*** Opening Exercise data ***

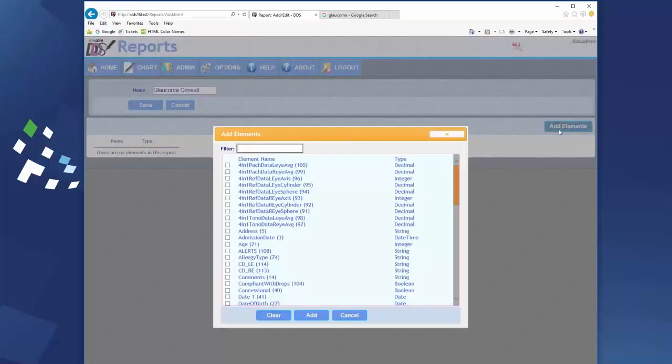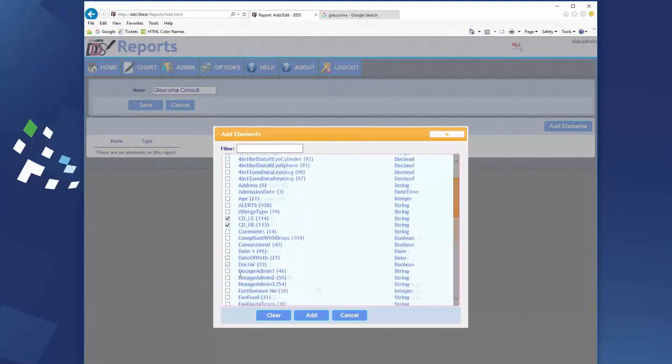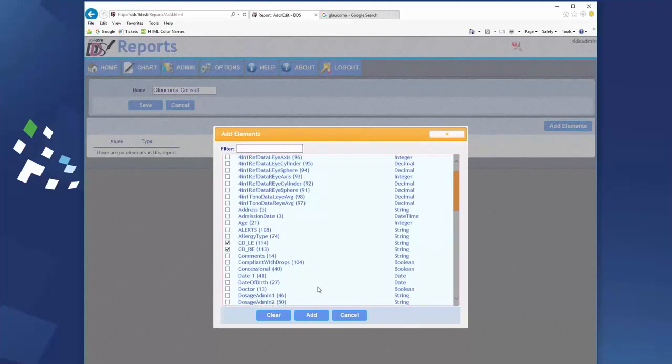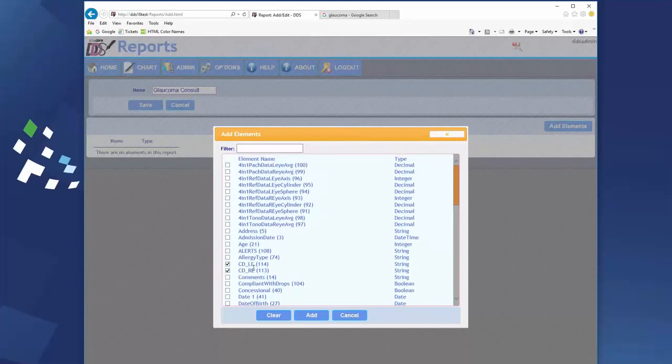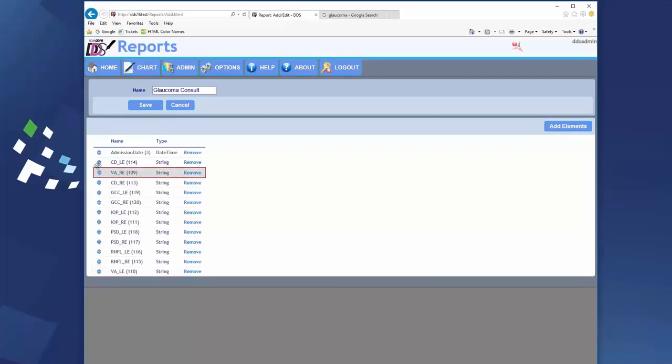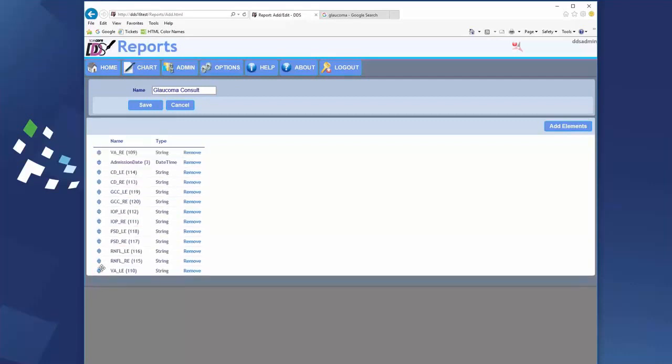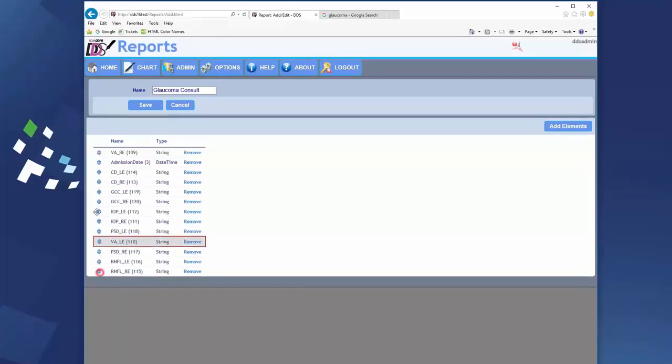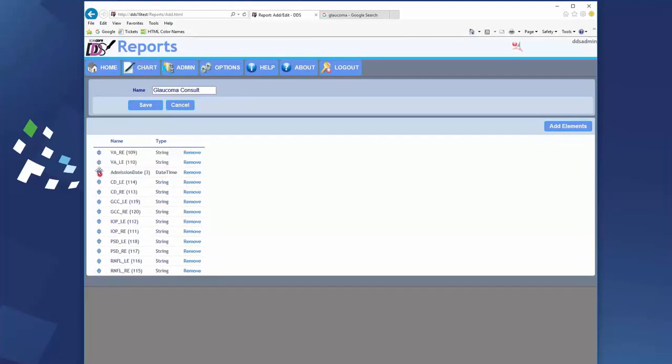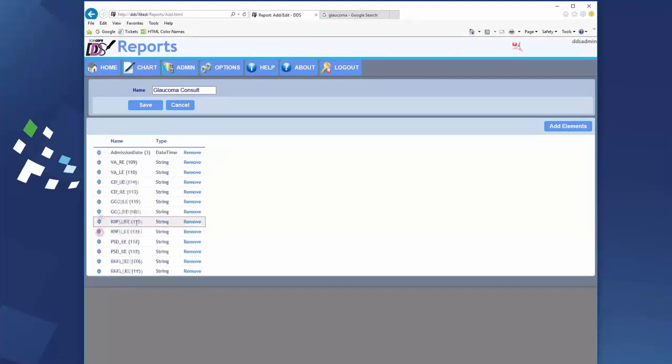The elements that I am choosing are the elements from my glaucoma consult document. I will also select the admission date element. Click add and now we order the elements in a way that means the most to us.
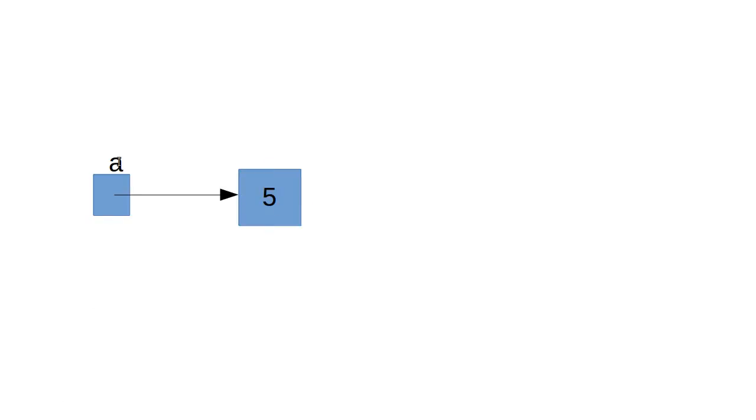So a is the name we give to, and we call this a reference, and that reference references an object. And in this case, that object has the value of 5 in it.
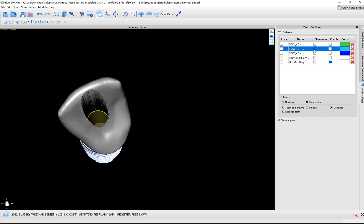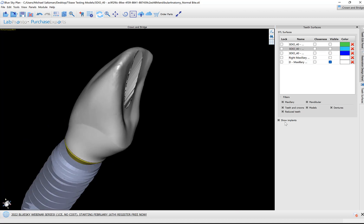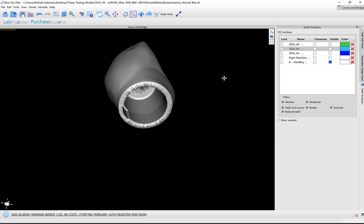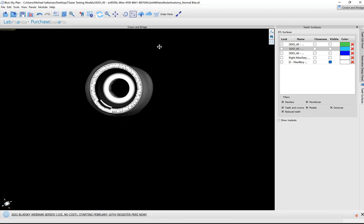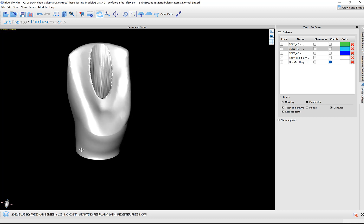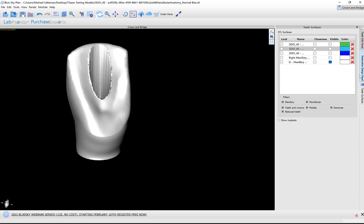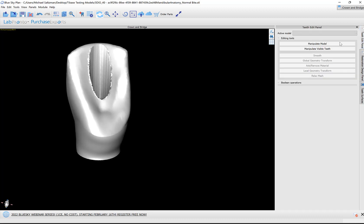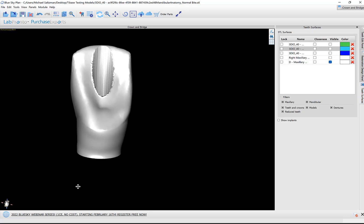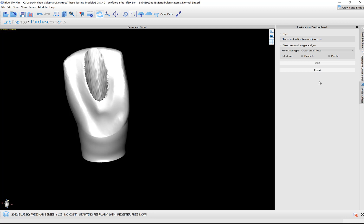Let's toggle off the models. Let's uncheck show implants for a second. So this is our designed crown. If we did want to make any further modifications, once again we have our editing tools available here. But I think we're good for now. Let's just show the export process.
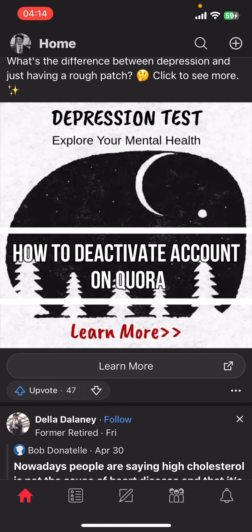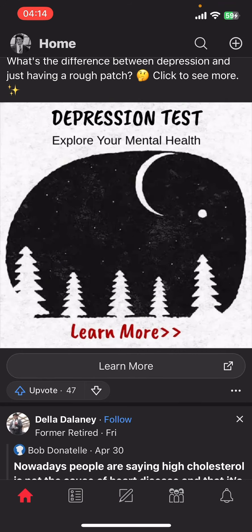Hey everyone, welcome back to our channel Take It Simple. On today's video, I'm going to show you how to deactivate your Quora account. It's very quick and easy, so let's get started.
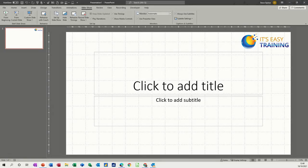Hi guys, welcome to this session on Microsoft PowerPoint. In this module I want to show you how to package your presentation to a CD or a folder, which is more common nowadays, so that it can be viewed on different machines.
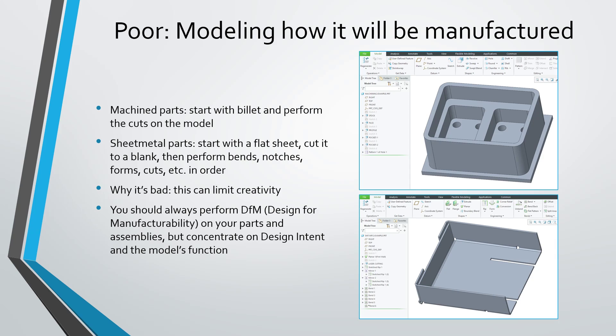You should concentrate on the form and the function of your end product and let that be your guide along with your design intent. What changes you expect the part to go through during the design and review and sustaining process.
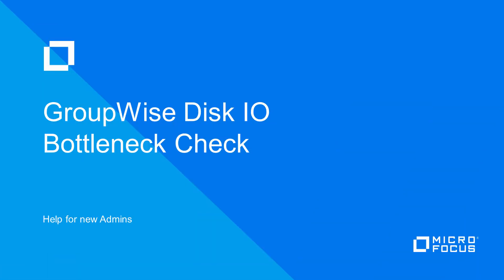A GroupWise Post Office stores and accesses data from many different databases and files on disk. Because of these frequent reads and writes, any bottleneck or delay in the disk channel can have a significant negative impact on GroupWise performance.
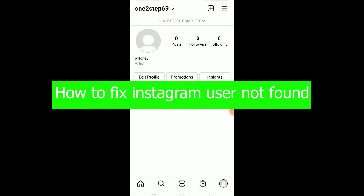If the person you're searching for has already deleted their account, then their account does not exist on Instagram, so you're searching for someone who doesn't exist and it says 'user not found.' Another reason could be if you have blocked the person yourself.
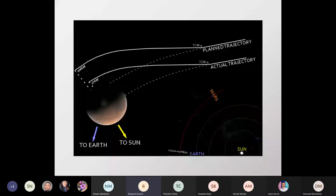One computer sent information it thought was in pounds per second; the second computer received it assuming Newton per second. One pound of force equals four and a half Newtons — so the instruction was four and a half times wrong. They were trying to move the satellite to exactly 226 kilometers above Mars, but it was actually closer to 57 kilometers. When the satellite went behind the horizon, they never saw it again — they assumed it burned up in the atmosphere. The cost of this mistake: $193 million, and they had nothing to show for it.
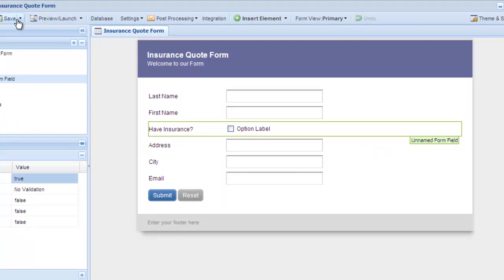This tutorial illustrates just how quick and easy it is to set up a new form using the LogiForms form designer platform. For more in-depth tutorials, see our video tutorial library.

*** Closing Exercise data ***

__Task__.
Apart from the pictures, which are to be omitted, every record must be transcribed exactly.

__The completed task__.
The elements that I am choosing are the elements from my glaucoma consult document. I will also select the admission date element. Click add and now we order the elements in a way that means the most to us.
So a is the name we give to, and we call this a reference, and that reference references an object. And in this case, that object has the value of 5 in it.
Let's toggle off the models. Let's uncheck show implants for a second. So this is our designed crown. If we did want to make any further modifications, once again we have our editing tools available here. But I think we're good for now. Let's just show the export process.
Hey everyone, welcome back to our channel Take It Simple. On today's video, I'm going to show you how to deactivate your Quora account. It's very quick and easy, so let's get started.
Hi guys, welcome to this session on Microsoft PowerPoint. In this module I want to show you how to package your presentation to a CD or a folder, which is more common nowadays, so that it can be viewed on different machines.
You should concentrate on the form and the function of your end product and let that be your guide along with your design intent. What changes you expect the part to go through during the design and review and sustaining process.
A GroupWise Post Office stores and accesses data from many different databases and files on disk. Because of these frequent reads and writes, any bottleneck or delay in the disk channel can have a significant negative impact on GroupWise performance.
If the person you're searching for has already deleted their account, then their account does not exist on Instagram, so you're searching for someone who doesn't exist and it says 'user not found.' Another reason could be if you have blocked the person yourself.
One computer sent information it thought was in pounds per second; the second computer received it assuming Newton per second. One pound of force equals four and a half Newtons — so the instruction was four and a half times wrong. They were trying to move the satellite to exactly 226 kilometers above Mars, but it was actually closer to 57 kilometers. When the satellite went behind the horizon, they never saw it again — they assumed it burned up in the atmosphere. The cost of this mistake: $193 million, and they had nothing to show for it.
This tutorial illustrates just how quick and easy it is to set up a new form using the LogiForms form designer platform. For more in-depth tutorials, see our video tutorial library.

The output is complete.